L’hiver 1608-1609 a été particulièrement dur et long aux
alentours de la petite bourgade de Québec.
Le froid a été vif et la neige rare, ce qui a rendu à peu
près improductive la chasse au gros gibier.
La disette a sévi chez les Montagnais installés dans le
voisinage et a tué ou invalidé la presque totalité du petit groupe de Français
qui avait choisi d’hiverner dans le fort construit l’été dernier en face de
l’étranglement du grand fleuve.
Le commandant Samuel de Champlain a, pour sa part, conservé
tous ses moyens, car, quel que fût le temps, il s’était forcé à sortir à
l’extérieur tous les jours.
Mâchouillant un morceau d’écorce ici, avalant un bout de
branchette là, il avait réussi à se prémunir contre le scorbut qui avait décimé
son groupe.
Durant ces excursions, et durant ses moments de loisirs, il
avait eu tout le temps de songer à l’avenir qu’il souhaitait pour la colonie de
peuplement qu’on l’avait chargé d’implanter.
Il avait une vision très claire de tout cela, basée
totalement sur la nécessaire amitié à entretenir avec les peuplades autochtones
sur place.
Cela avait bien réussi, jusque là, avec les peuples nomades
parlant des langues dérivées de l’algonquin, mais cela s’était heurté au refus
net et violent des tribus iroquoises.
Celles-ci étaient universellement honnies par les
Algonquiens et même par les Hurons en raison des attaques constantes et
cruelles qu’elles infligeaient à tous.
Champlain avait néanmoins à de nombreuses reprises tenté
des approches diplomatiques, libéré des prisonniers en les chargeant de
messages d’amitié et essayé de nouer des relations commerciales.
Tout avait échoué.
Alors Champlain s’est résolu à suivre une autre voie.
Il se rendrait à la demande instante de ses alliés montagnais
et participerait à une expédition militaire contre les Iroquois.
Non pour les punir.
Non pour les exterminer.

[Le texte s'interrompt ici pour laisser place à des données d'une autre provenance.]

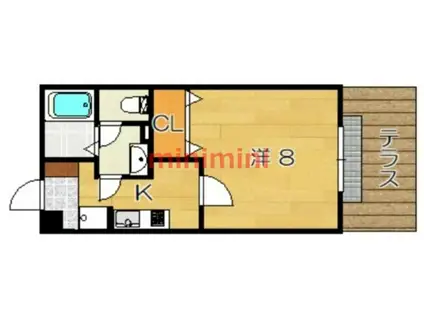 フラッツサンユウ(1K/1階)の間取り写真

Non pour
leur infliger des dommages irréparables, mais simplement pour leur montrer que
dorénavant, les attaques contre les Français et leurs alliés deviendraient
beaucoup plus coûteuses.
Au début du mois de juillet 1609, il s’engage donc avec sa
troupe dans la Rivière des Yroquois
(notre Richelieu), premiers Européens à remonter ce magnifique cours d’eau.
Déjà, des centaines de guerriers autochtones ont déserté
et, arrivés aux chutes en amont du bassin de Chambly, ce sont des Européens qui
sont renvoyés à Québec.
Ils ne sont plus que 3 Français et une soixantaine
d’Amérindiens, mais Champlain montre une telle détermination qu’ils poursuivent
leur chemin.
Le 14 juillet, ils arrivent au grand lac et Champlain,
mettant en pratique une coutume immémoriale, lui donne son nom.

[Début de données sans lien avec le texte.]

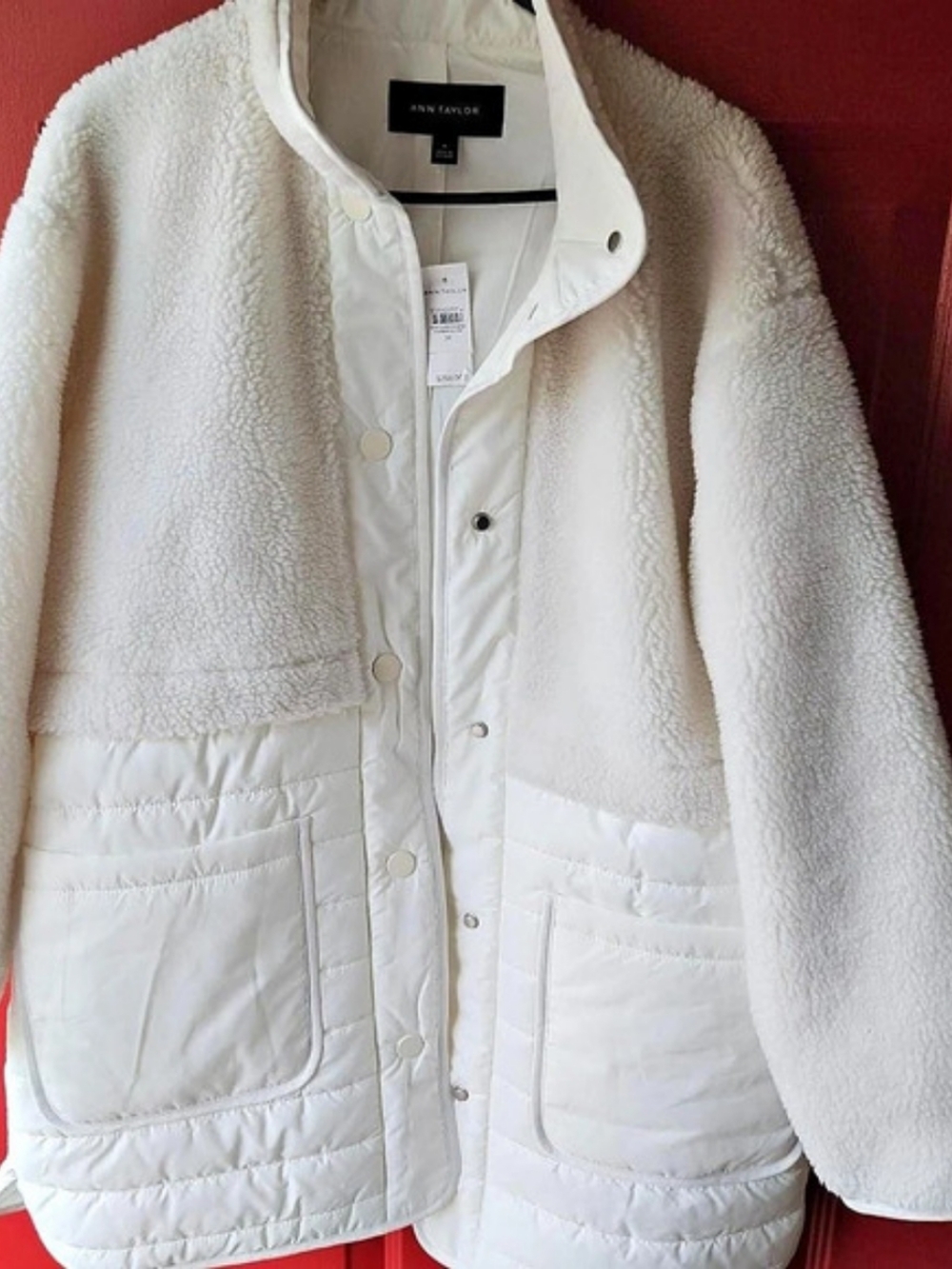 Ann Taylor Sherpa Mixed Media Puffer Coat White Medium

Tout l’éblouit dans ce paysage : la vaste étendue du
lac lui-même, la multitude d’îles boisées piquant sa surface, l’abondance du
gibier, la splendeur des Montagnes Vertes et des Adirondacks qu’il aperçoit au
loin.
Il note aussi que la région est inhabitée en raison des
guerres incessantes qui s’y déroulent.
Ils sont bien en territoire ennemi.
L’affrontement aura lieu le 30 juillet. 200 guerriers iroquois sont retranchés dans
un fort (près de Ticonderoga, dans le New York).

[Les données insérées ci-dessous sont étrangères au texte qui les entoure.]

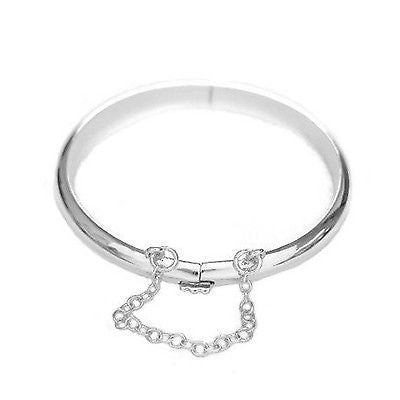 Sterling Silver Shiny Polished Finish Bangle Bracelet with Safety Chain (Front and Back Engraving)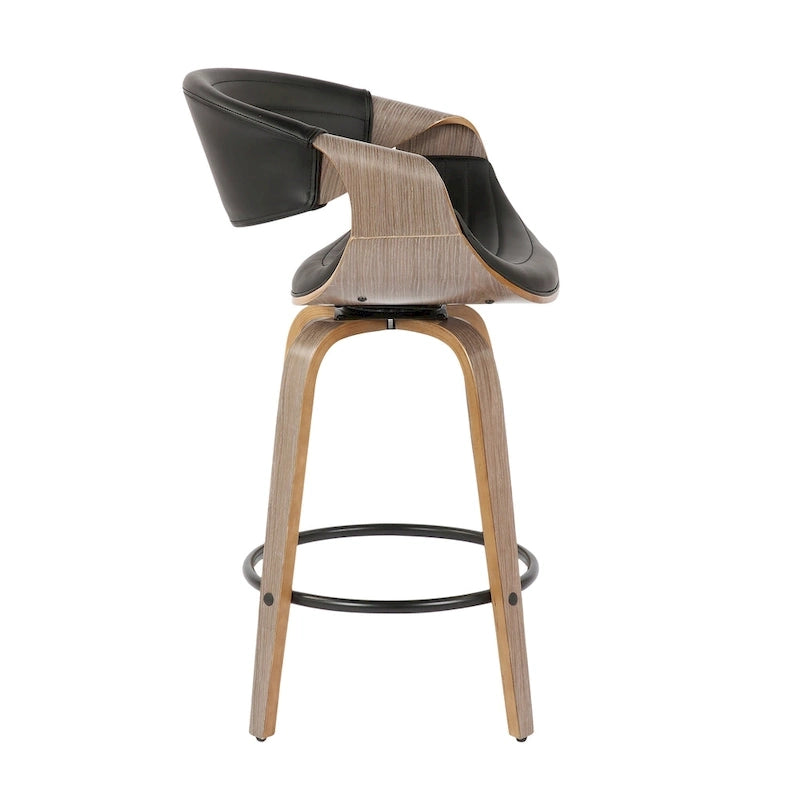 Carson Carrington Kanteborg 26 Fixed-Height Counter Stool with Bent Wood Legs & Round Footrest (Set of 2)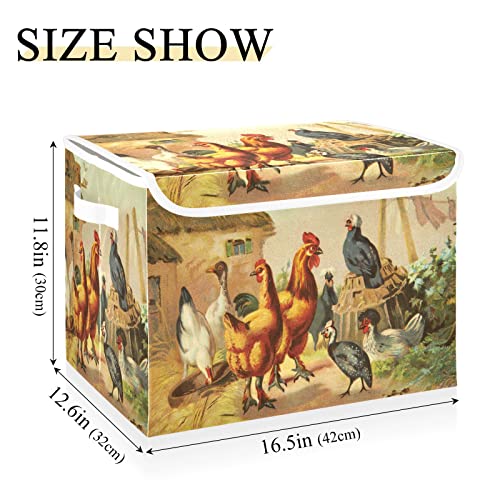 Kigai Rooster Lidded Home Storage Bins, Foldable Storage Basket with Double Handle, Flip-Top Storage Box for Toys Clothes Documents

Champlain a réussi à se cacher jusqu’au dernier moment
tandis que ses 60 alliés amérindiens se lancent à l’attaque.
Soudain, il se montre, met en joue des chefs indiens et en
abat deux d’un seul coup qui achèvera aussi une 3e victime.
3 guerriers en une seule fois. Voilà un coup de feu qui va changer
durablement toute l’histoire de l’Amérique du Nord[1].